Take the Current When It Serves
I recently participated in a summit of supply chain and business leaders who shared the many ways they are successfully navigating the turbulent waters of global trade. Despite the headwinds, they were determined to find new supply lines and expanded market opportunities.
Determined and, yes, even optimistic about their economic future. It reminds me of a quote an old friend gave me years ago that hangs on my office door:
There is a tide in the affairs of global trade.
Which, taken at the flood, leads on to fortune;
Omitted, all the voyage of their enterprise is bound in shallows and in miseries.

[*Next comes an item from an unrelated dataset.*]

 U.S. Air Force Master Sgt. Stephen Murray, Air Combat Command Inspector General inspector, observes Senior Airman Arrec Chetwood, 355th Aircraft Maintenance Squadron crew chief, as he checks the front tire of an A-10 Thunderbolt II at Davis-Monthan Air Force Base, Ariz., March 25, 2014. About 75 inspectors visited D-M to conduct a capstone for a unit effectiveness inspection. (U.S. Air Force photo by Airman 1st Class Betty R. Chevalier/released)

On such a full sea are we now afloat,
And we must take the current when it serves,
Or lose our ventures.
Yes, I updated that a bit, with apologies to William Shakespeare. But the sentiments are the same. Although not necessarily a call to arms as in the original Julius Caesar passage, this quote recognizes how supply chain managers face known and unknown challenges—with a certainty that they can and will succeed no matter the impediments.
Trade friction? Tariffs? Protectionism? Global strife? Energy turmoil? Sustainability concerns? Government gridlock? Digital disruption of traditional distribution channels? Destruction of transportation density regimes? Increasing cultural changes? Supply chain impatience by everyone? Rapidly morphing customer preferences, demands, buying patterns, and visibility requirements? Now add the impact of artificial intelligence on evolving workflows and enterprise strategies. What kind of unknown business landscape are we sailing off to?
That same old friend recently gave me his last parting gift, a 1930 biography of Ferdinand Magellan by E.F. Benson. It did not take many pages before I recalled Magellan's indefatigable spirit, optimism, and accomplishment. Certain that the earth was round, Magellan led an expedition to prove he could reach the east by sailing west. That mission was the first circumnavigation of the earth.
It's hard to imagine the immensity of that trade-driven accomplishment not knowing where the tides would take him. His guide? The stars, crude charts, a dedicated team, and the certainty that he would succeed. "It is difficult for us, to whom the globe is a map for all to read, to put ourselves back to the times when far the greater part was undiscovered, but we must do that in order to understand the raging fever that heated men's blood to so noble a delirium," Benson wrote.
You are exploring too, charting a course to a future unknown. But instead of the stars you have an iPhone in your pocket, and the certainty that you will succeed.